*What this task involves:*
All of the entries must be output exactly as they are.

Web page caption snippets

== Segment start ==

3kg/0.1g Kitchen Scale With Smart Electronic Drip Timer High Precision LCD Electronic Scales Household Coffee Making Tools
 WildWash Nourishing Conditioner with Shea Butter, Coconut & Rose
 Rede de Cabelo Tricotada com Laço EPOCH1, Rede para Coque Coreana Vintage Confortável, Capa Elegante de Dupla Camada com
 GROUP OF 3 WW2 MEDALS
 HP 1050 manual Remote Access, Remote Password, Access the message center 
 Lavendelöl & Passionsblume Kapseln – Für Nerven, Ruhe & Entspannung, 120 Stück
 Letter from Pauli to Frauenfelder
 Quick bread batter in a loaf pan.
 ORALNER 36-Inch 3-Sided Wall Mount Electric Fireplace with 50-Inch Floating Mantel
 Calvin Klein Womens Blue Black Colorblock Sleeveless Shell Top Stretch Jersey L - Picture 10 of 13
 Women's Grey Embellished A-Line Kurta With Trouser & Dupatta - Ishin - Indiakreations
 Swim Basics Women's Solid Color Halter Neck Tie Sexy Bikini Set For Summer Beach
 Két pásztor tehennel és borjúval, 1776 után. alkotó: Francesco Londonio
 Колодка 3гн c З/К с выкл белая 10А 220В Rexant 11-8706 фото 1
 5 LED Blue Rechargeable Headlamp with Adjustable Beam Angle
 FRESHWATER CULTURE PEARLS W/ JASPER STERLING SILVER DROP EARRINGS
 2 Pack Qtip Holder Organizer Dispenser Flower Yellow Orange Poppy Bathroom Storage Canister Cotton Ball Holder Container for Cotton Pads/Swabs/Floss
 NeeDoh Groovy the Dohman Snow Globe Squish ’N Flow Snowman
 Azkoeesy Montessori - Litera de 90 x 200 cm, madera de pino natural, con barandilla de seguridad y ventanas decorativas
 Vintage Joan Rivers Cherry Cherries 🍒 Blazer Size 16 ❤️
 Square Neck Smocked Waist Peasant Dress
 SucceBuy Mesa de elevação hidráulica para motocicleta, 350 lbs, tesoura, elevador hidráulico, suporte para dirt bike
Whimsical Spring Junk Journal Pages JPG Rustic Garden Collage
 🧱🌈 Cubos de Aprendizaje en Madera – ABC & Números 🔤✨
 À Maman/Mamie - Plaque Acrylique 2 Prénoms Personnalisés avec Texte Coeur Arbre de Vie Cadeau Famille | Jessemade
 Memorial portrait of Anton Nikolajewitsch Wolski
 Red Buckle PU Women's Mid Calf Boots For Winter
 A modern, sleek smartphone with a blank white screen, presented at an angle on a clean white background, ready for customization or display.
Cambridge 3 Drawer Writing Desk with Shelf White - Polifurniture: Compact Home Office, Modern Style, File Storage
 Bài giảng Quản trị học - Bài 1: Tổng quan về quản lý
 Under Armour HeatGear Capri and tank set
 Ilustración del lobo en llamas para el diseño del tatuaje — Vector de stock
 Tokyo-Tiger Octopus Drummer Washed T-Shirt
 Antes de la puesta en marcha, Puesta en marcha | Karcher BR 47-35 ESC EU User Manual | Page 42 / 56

== Segment end ==

*Answer for the task:*
3kg/0.1g Kitchen Scale With Smart Electronic Drip Timer High Precision LCD Electronic Scales Household Coffee Making Tools
 WildWash Nourishing Conditioner with Shea Butter, Coconut & Rose
 Rede de Cabelo Tricotada com Laço EPOCH1, Rede para Coque Coreana Vintage Confortável, Capa Elegante de Dupla Camada com
 GROUP OF 3 WW2 MEDALS
 HP 1050 manual Remote Access, Remote Password, Access the message center 
 Lavendelöl & Passionsblume Kapseln – Für Nerven, Ruhe & Entspannung, 120 Stück
 Letter from Pauli to Frauenfelder
 Quick bread batter in a loaf pan.
 ORALNER 36-Inch 3-Sided Wall Mount Electric Fireplace with 50-Inch Floating Mantel
 Calvin Klein Womens Blue Black Colorblock Sleeveless Shell Top Stretch Jersey L - Picture 10 of 13
 Women's Grey Embellished A-Line Kurta With Trouser & Dupatta - Ishin - Indiakreations
 Swim Basics Women's Solid Color Halter Neck Tie Sexy Bikini Set For Summer Beach
 Két pásztor tehennel és borjúval, 1776 után. alkotó: Francesco Londonio
 Колодка 3гн c З/К с выкл белая 10А 220В Rexant 11-8706 фото 1
 5 LED Blue Rechargeable Headlamp with Adjustable Beam Angle
 FRESHWATER CULTURE PEARLS W/ JASPER STERLING SILVER DROP EARRINGS
 2 Pack Qtip Holder Organizer Dispenser Flower Yellow Orange Poppy Bathroom Storage Canister Cotton Ball Holder Container for Cotton Pads/Swabs/Floss
 NeeDoh Groovy the Dohman Snow Globe Squish ’N Flow Snowman
 Azkoeesy Montessori - Litera de 90 x 200 cm, madera de pino natural, con barandilla de seguridad y ventanas decorativas
 Vintage Joan Rivers Cherry Cherries 🍒 Blazer Size 16 ❤️
 Square Neck Smocked Waist Peasant Dress
 SucceBuy Mesa de elevação hidráulica para motocicleta, 350 lbs, tesoura, elevador hidráulico, suporte para dirt bike
Whimsical Spring Junk Journal Pages JPG Rustic Garden Collage
 🧱🌈 Cubos de Aprendizaje en Madera – ABC & Números 🔤✨
 À Maman/Mamie - Plaque Acrylique 2 Prénoms Personnalisés avec Texte Coeur Arbre de Vie Cadeau Famille | Jessemade
 Memorial portrait of Anton Nikolajewitsch Wolski
 Red Buckle PU Women's Mid Calf Boots For Winter
 A modern, sleek smartphone with a blank white screen, presented at an angle on a clean white background, ready for customization or display.
Cambridge 3 Drawer Writing Desk with Shelf White - Polifurniture: Compact Home Office, Modern Style, File Storage
 Bài giảng Quản trị học - Bài 1: Tổng quan về quản lý
 Under Armour HeatGear Capri and tank set
 Ilustración del lobo en llamas para el diseño del tatuaje — Vector de stock
 Tokyo-Tiger Octopus Drummer Washed T-Shirt
 Antes de la puesta en marcha, Puesta en marcha | Karcher BR 47-35 ESC EU User Manual | Page 42 / 56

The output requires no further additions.